What we learned at State of the Map 2022
At State of the Map in Florence, HOT’s Data team, in collaboration with our Tech team, members of the Quality Assurance & Control working group, Training working group, and HeiGIT, organized several sessions focusing on identifying and addressing data quality issues in OpenStreetMap (OSM). The data quality discussion session was attended by 30 participants, representing diverse interests and organizations.
The first question we asked the group was to “define data quality” from their perspective in order to understand and to set expectations of the session. The responses in the workshop can roughly be grouped according to four themes:
- Data can be “trusted”
- Data should be “fit for purpose”
- Good enough quality and completeness of data
- Data and geometry features conform to certain technical requirements
These raise a number of follow up questions:
- What does it mean for data to be “fit for purpose”? How do we decide on the purpose of data, and the most urgent and important data uses it needs to be able to satisfy?
- How can we quantify trust in data, and what does this depend on?
- What aspects of quality, such as completeness or positional accuracy, are we prioritizing? Are all datasets equally valuable - and how do we choose among those?
- What data uses really depend on correct geometry and tagging, and which aspects do we need to address most urgently?
OSM data needs to be fit for purpose
From our side, the definition the Data team has been using to structure its work is that OSM data has to be fit for purpose; it must be able to address and inform the most important and impactful use cases and decision making to aid our (humanitarian) partners and communities’ use of maps and data. What constitutes “good enough” data depends on the context and immediate use cases that the data is being requested for.
For example, consider how different the data needs look in two sudden onset disasters such as cyclone Idai in Mozambique or humanitarian response for refugee movements such as the South Sudanese civil war. Programs where data is used for rural development focusing on rural electrification and financial inclusion, or urban planning with a specific focus on public transport and flood resilience.
A large community of researchers has already analyzed the quality of OSM data. The work of Senaratne et al. (2015) provides a good overview. It has been acknowledged that OSM data in general is strongly biased, in part due to a much larger contributor basis in countries in the global North as a consequence of socio-economic inequalities and the digital divide.
The HeiGIT team at Heidelberg University has addressed OSM data quality questions in research projects over the past years, e.g. to for land use and land cover, and others have investigated the completeness of the road network in OSM. The differences in OSM data quality are visible also on the regional and local scale, such as the ongoing research about building completeness in cities.
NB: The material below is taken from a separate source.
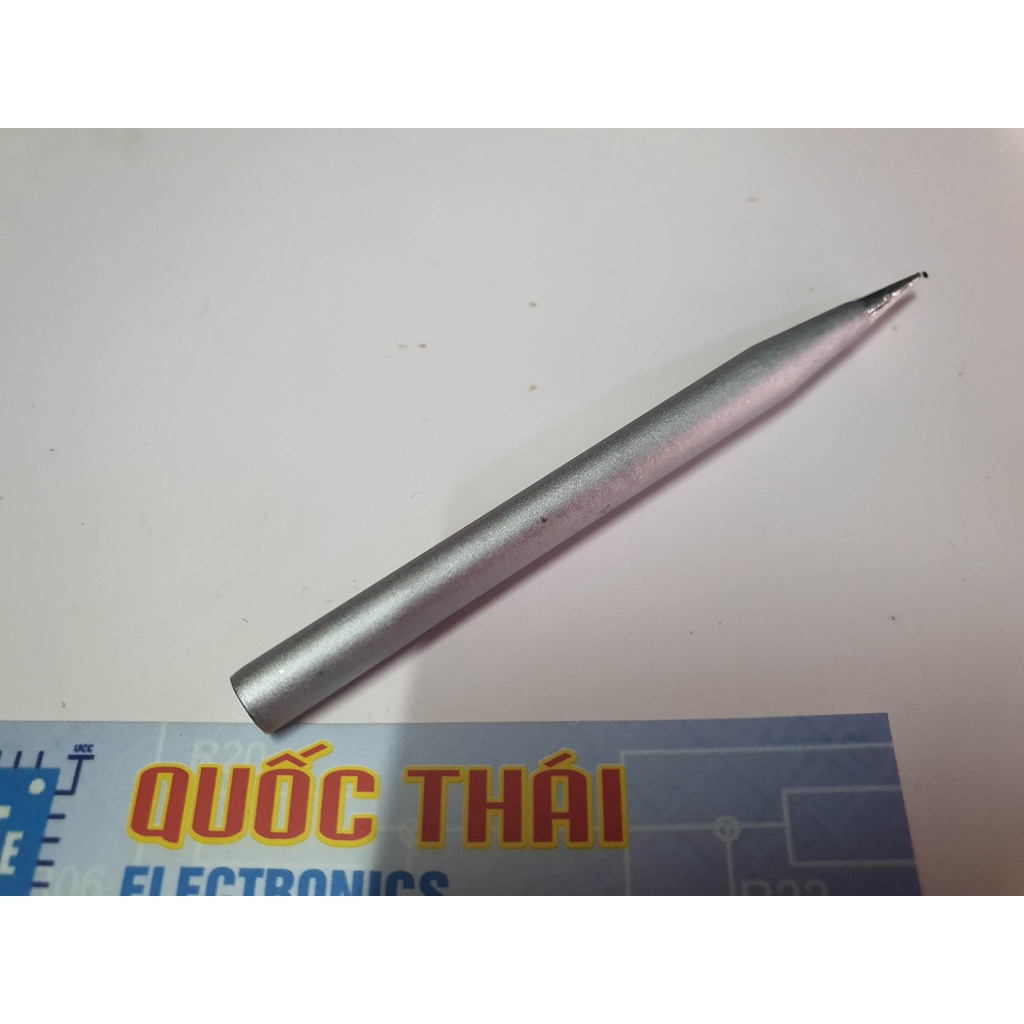 Mũi hàn hợp kim phi 6mm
That’s why we need better spatial data quality assessment to find out if data is “good enough” in my study area for my purpose. This would promote the adoption and (right) usage of new sources of data such as OSM and data products based on OSM. The ohsome quality analyst (OQT) software computes and provides some of these regional data quality estimations, such as indicators for the currentness and completeness of buildings and roads.
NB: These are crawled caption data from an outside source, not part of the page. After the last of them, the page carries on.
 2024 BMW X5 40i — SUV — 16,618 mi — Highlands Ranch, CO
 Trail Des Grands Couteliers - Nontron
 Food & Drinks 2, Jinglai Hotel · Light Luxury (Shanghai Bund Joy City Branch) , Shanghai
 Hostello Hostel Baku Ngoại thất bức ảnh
Bringing OSM data quality research into practice and to better understand what is the “purpose” OSM data should be fit for, HOT has defined its 5 Impact areas. This helps us decide what we consider to be the core datasets (and OSM data models) that HOT’s communities and partners use. The impact areas are also the starting points to define a set of “data use cases” that contribute most to HOT’s overall mission and strategy.
This leads to a set of requirements that indicate when data is suitable to satisfy selected data use cases.Along with identifying metrics and measurements of data quality situated within the three major categories:positional accuracy, completeness, and semantic accuracy. We identified these as part of the first version of the “Data Quality top 10”.
What happens next
A number of activities aiming to improve data quality are already underway. These focus strongly on areas around remote sensing, digitization, and validation via Tasking Manager. We are expanding on these with a wider engagement around data quality aspects via the following:
- Link up potential measurements and metrics to Impact area core datasets.
- With the HOT Regional Hubs, assessing what OSM data insights they need to be able to prioritize and decide on data collection and data quality initiatives.
- Work across HOT’s Data and Tech teams, with input from HeiGIT, to identify the form and shape data quality metrics and insights should take - and how we can go about implementing and publicizing these.
- Consult and discuss with the QA&C working group on their role and capacity in overall data quality planning.
Based on requests from the group that attended, we will be keeping those wanting to learn more about HOT’s roadmap and activities informed in the following ways:
- This blog post, followed by periodic updates (at the minimum quarterly).
- Setting up an OSM wiki page that tracks updates and articles for data quality - both from HOT, but also open to other initiatives.
- Starting an OSM community forum thread for further feedback and ongoing discussion!